When the first biopsies were taken, a surgical trauma occurred that might have led to a change in blood supply resulting in tumour necrosis. This represents one of many mechanisms thought to be responsible for spontaneous remission of cancer.7
In 1935 spontaneous regression of a carcinoma of the tongue after biopsy was reported by David Roxburgh.8
However, without a confirmed histological diagnosis of malignancy, our case did not fulfil the strict criteria of spontaneous regression of a cancer defined by Everson and Cole in 1956. They postulated spontaneous regression of cancer to be a partial or complete disappearance of a malignant tumour in the absence of all treatment, or in the presence of treatment that is considered inadequate to exert a significant influence on neoplastic disease.9
In our case, a second attempt to biopsy the lesion was unsuccessful and no further tissues samples were taken at the postmortem examination; hence, the exact nature of the tumour, as well as the mechanism leading to its regression, remain uncertain.

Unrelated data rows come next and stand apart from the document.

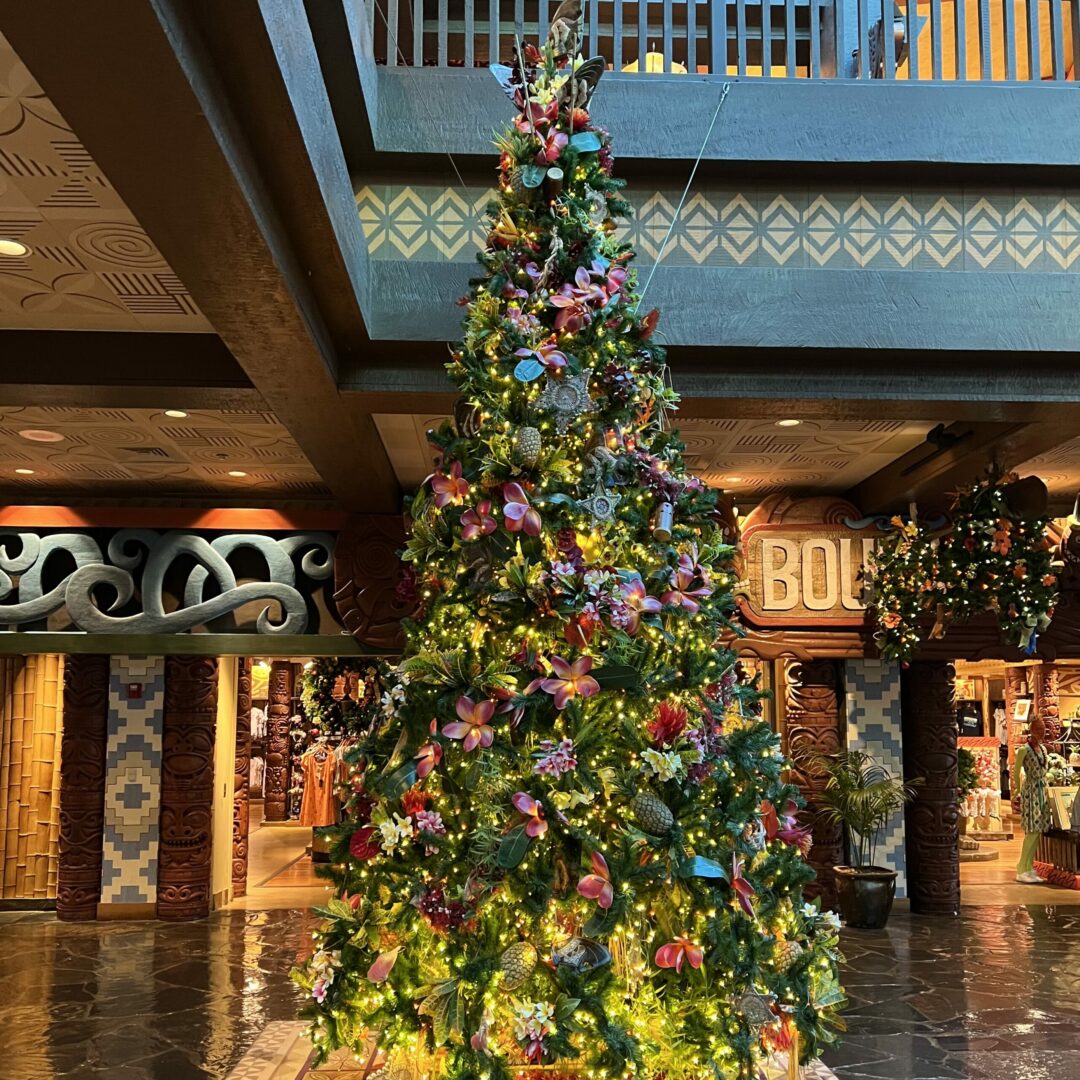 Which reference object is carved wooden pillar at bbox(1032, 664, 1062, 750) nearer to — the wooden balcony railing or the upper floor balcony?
the wooden balcony railing

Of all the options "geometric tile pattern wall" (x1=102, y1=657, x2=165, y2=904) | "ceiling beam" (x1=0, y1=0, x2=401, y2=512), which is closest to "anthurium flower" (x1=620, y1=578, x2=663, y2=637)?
"ceiling beam" (x1=0, y1=0, x2=401, y2=512)

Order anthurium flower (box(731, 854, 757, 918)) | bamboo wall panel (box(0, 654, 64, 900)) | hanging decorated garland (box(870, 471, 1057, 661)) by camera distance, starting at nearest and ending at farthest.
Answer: anthurium flower (box(731, 854, 757, 918))
hanging decorated garland (box(870, 471, 1057, 661))
bamboo wall panel (box(0, 654, 64, 900))

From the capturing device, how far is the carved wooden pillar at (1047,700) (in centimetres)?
1451

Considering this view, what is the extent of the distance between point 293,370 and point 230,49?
202 cm

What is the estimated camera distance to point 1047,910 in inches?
355

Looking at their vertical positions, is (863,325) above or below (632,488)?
above

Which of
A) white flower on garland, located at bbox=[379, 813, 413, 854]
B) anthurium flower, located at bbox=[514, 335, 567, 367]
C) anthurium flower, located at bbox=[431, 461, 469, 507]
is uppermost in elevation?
anthurium flower, located at bbox=[514, 335, 567, 367]

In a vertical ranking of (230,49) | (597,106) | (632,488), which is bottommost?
(632,488)

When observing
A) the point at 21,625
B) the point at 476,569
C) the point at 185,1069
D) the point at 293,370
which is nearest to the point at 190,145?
the point at 476,569

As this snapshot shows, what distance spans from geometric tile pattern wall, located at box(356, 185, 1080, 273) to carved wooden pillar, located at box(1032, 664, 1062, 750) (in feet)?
36.5

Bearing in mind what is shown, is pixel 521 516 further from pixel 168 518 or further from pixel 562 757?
pixel 168 518

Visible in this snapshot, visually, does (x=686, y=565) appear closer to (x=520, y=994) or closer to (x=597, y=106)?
(x=520, y=994)

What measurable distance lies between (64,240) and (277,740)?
1437 cm

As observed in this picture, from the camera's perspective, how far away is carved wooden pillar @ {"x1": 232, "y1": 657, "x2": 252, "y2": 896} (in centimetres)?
952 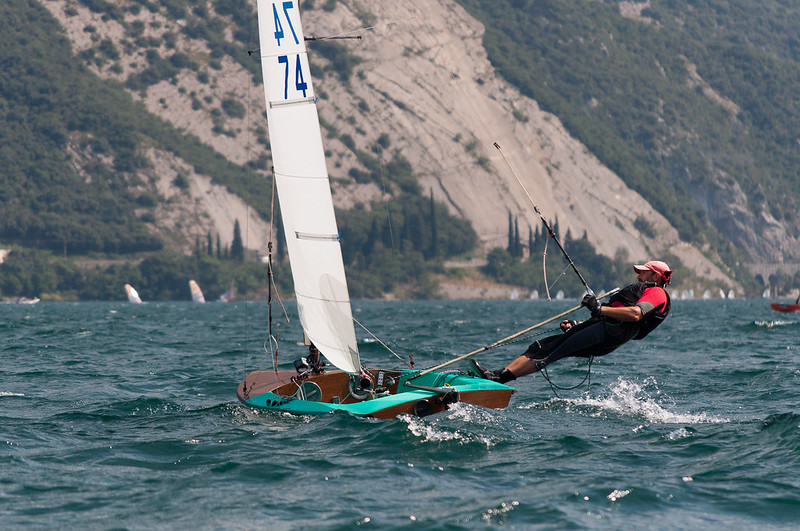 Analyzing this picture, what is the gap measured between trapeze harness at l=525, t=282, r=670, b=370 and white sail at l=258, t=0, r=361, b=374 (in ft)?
10.6

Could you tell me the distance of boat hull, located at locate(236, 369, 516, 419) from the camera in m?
15.0

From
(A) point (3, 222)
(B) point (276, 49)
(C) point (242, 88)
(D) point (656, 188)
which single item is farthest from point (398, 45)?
(B) point (276, 49)

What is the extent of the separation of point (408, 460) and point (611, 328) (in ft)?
12.6

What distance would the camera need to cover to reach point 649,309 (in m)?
14.1

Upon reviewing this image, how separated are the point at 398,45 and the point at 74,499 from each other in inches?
6848

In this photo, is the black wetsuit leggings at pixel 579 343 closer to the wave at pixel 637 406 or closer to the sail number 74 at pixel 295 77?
the wave at pixel 637 406

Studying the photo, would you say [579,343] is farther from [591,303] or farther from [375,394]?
[375,394]

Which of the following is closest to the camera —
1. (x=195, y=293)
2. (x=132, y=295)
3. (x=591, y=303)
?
(x=591, y=303)

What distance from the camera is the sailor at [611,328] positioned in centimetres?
1442

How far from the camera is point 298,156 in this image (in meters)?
15.8

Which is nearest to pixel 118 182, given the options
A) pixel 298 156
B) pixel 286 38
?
pixel 286 38

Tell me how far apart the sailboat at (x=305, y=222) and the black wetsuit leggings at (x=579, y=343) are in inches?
37.1

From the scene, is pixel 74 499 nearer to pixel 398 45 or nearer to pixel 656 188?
pixel 398 45

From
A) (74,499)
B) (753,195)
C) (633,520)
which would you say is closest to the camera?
(633,520) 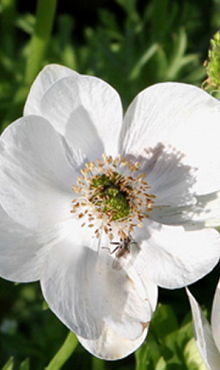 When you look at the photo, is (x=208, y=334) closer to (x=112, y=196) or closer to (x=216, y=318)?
(x=216, y=318)

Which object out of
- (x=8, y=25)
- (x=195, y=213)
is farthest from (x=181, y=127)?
(x=8, y=25)

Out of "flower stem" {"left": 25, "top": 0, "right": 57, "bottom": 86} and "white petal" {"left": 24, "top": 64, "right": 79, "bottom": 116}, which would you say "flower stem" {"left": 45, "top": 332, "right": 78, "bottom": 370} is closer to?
"white petal" {"left": 24, "top": 64, "right": 79, "bottom": 116}

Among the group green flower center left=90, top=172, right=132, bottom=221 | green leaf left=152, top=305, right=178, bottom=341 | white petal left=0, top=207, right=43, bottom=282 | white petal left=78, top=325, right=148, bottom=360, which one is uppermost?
green flower center left=90, top=172, right=132, bottom=221

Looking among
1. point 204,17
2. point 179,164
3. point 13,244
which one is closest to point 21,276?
point 13,244

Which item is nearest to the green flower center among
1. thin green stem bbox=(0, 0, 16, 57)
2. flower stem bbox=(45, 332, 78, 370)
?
flower stem bbox=(45, 332, 78, 370)

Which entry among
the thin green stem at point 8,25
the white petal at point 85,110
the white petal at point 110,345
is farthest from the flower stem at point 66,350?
the thin green stem at point 8,25

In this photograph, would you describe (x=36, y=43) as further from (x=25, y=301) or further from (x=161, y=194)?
(x=25, y=301) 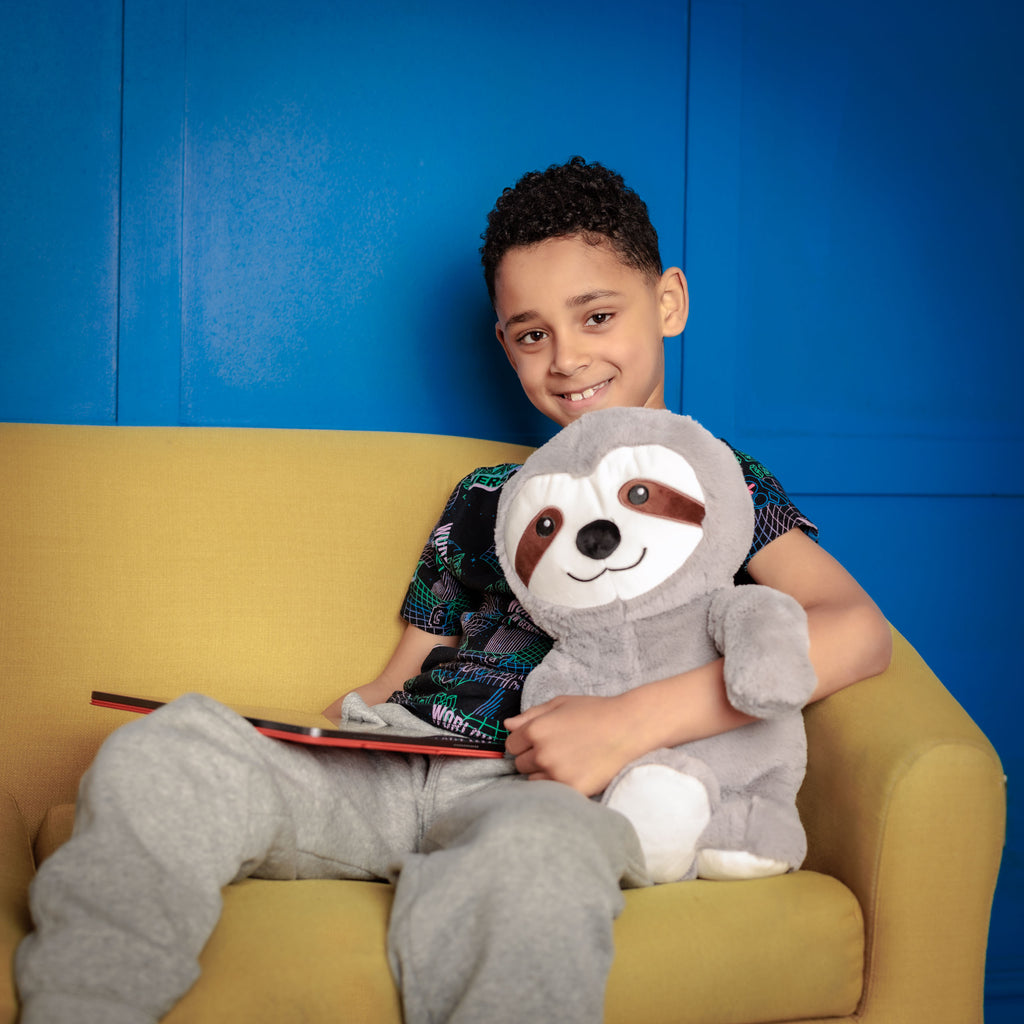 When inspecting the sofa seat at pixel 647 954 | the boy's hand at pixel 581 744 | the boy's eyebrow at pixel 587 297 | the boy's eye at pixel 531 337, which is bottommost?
the sofa seat at pixel 647 954

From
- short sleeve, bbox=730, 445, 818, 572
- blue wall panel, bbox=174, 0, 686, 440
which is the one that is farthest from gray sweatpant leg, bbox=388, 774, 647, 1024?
blue wall panel, bbox=174, 0, 686, 440

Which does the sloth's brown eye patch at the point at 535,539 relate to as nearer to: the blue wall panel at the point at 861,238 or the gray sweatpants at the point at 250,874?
the gray sweatpants at the point at 250,874

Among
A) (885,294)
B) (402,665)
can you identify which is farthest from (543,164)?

Histological distinction between benign and malignant basaloid neoplastic proliferations of the salivary glands is difficult and may, ultimately, rely on the demonstration of an infiltrative growth pattern or perineural invasion.
- Difficulties in establishing a histological diagnosis from fragmented biopsies.
- Immunohistochemical stainings may not be helpful in differentiating between benign and malignant minor salivary tumours.
- The process of taking a biopsy may alter blood supply to a tumour and may contribute to tumour regression.